A Host’s Guide to Kitchen Design

Jonathan Yaraghi, Safavieh’s creative director, reveals his best tips for decorating dining spaces with guests in mind

By Camille Rankin

Published on September 4, 2015

“If I can’t fit my guests at the table, I won’t try to feed them,” says Jonathan Yaraghi, creative director of Safavieh, a rug and furniture company founded by his family more than 100 years ago in Iran and now based in New York. The 32-year-old designer is the driving force behind the company’s expanding online business and innovations like the spring-coil mattress that's delivered in a box the size of a golf bag. At home, he likes hosting seated dinners with his girlfriend in his Soho loft. With its 14-foot ceilings, original wood beams, and double-height windows that bring in the sights and sounds of the neighborhood, the loft and its open layout are great for guests. We visited him recently to get his tips on how he transformed the space to suit his love for entertaining.

What's the key to a great kitchen?
I think it's the island, because of how it brings people together. Before getting my island, the kitchen was not an active space when guests came over. The moment the island was added, it suddenly became the place where the party started. I don't have a large kitchen, but I put one in anyway, and I love it.

It's an unusual island, too, because it has an open space below the countertop, which you rarely see.
Yes, I had it made for me that way. I display my ceramics on the open shelf, but it can be used as extra storage space for just about anything.

How can someone get that look?
You can totally transform your kitchen by finding a cool furniture piece that works as an island. You can even just find a great piece of stone, and get a carpenter to put a simple base on it. The intention should be to create a focal point in the kitchen, and that's really what this one does. People just gather around it.

How do you add personality to a kitchen?
One thing that's really fun is hardware. I bought the handles for my island at Anthropologie, and I think that's a great way to personalize a piece that you're otherwise able to find in any store.
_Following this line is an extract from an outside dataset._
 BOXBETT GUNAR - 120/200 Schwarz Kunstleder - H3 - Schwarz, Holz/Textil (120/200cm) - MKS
The moment you put the "jewelry" on, you get a new look. It's like adding pillows to a sofa.

How about color?
My kitchen is very black and white, but I do like to add a little color, and I do it with flowers. They really pop, especially against the white marble. I like to keep my countertops super clean, with not a lot on them, so for me, adding fresh flowers is the way to go.

Wood floor or tile?
I like wood floors, because they're warmer. The only place I like to see tile is as a backsplash against the wall, especially if it's large pieces of marble.

Yaraghi in his New York City home.

Tell me about your dining room table. It's really striking.
It was made for this space by Terracea, a line we carry in our stores. Their tables are made in Mexico. When you look at the top of it and see all the pieces of wood, tiled together, it's really fabulous. I definitely wanted a round table. Before I moved in there was a rectangular table, but I think it messes up the vibe during dinner.
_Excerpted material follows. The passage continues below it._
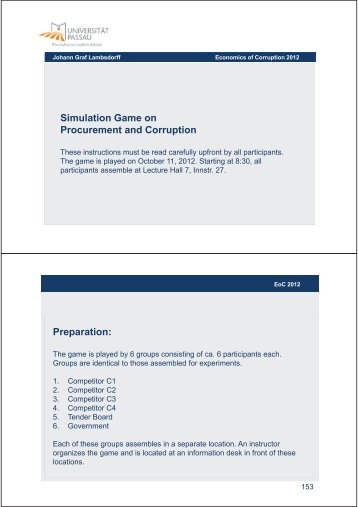 Simulation Game on Procurement and Corruption Preparation:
Is the table the first thing you should choose for the dining room?
No, I'd say you should look for the rug first. It sets the stage for what you're going to bring into the space, what colors you're going to bring in. Mine is a square rug, and it's made of cowhide in shades of brown and gray. When you look at it, you see that everything else kind of falls in—the silvers, the metals, the round dining table. It's not necessarily the focal point of the room in the end, but it's important as a starting point.
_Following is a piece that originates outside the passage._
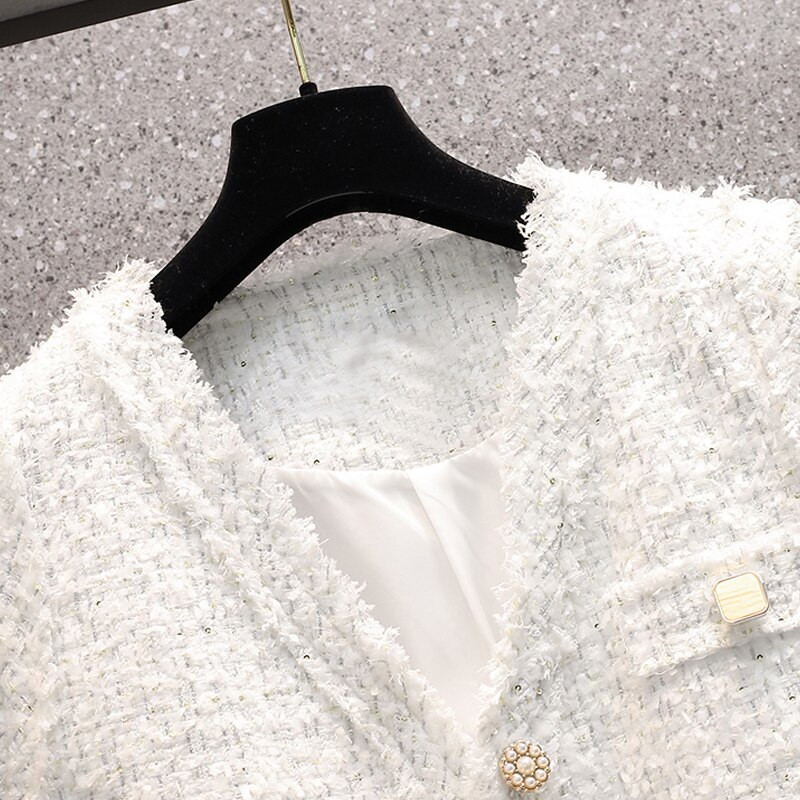 Korejski ženski karirani prsluk od tvida proljeće jesen ženski elegantni kaput s džepnim gumbima crno-bijeli gornji dio bez rukava ženska gornja odjeća s V-izrezom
How do you keep things interesting, design-wise?
I think for a dining room, whether you're having an occasion or not, it's important to have a couple of pieces that you move around. Maybe a nice sculpture, or a bowl, things like that. I rotate mine all the time. So you'll constantly see things turned around in the room. It gives a different feeling every time.

What's the biggest mistake people make in decorating?
They go too far left or too far right. And they try to get a matchy-matchy look. I think it's important not to become comfortable with one extreme or the other. You have to find the right balance. You shouldn't go too traditional or too contemporary. You have to kind of bring in an element of surprise, something that isn't expected.

How can you instantly update a dining room?
Chairs! There are so many great options for dining chairs right now, and they make such a big difference. New chairs can change the entire look of a dining room. And don't be afraid to mix styles, like putting contemporary chairs with a traditional table. It brings a great new feeling to the space.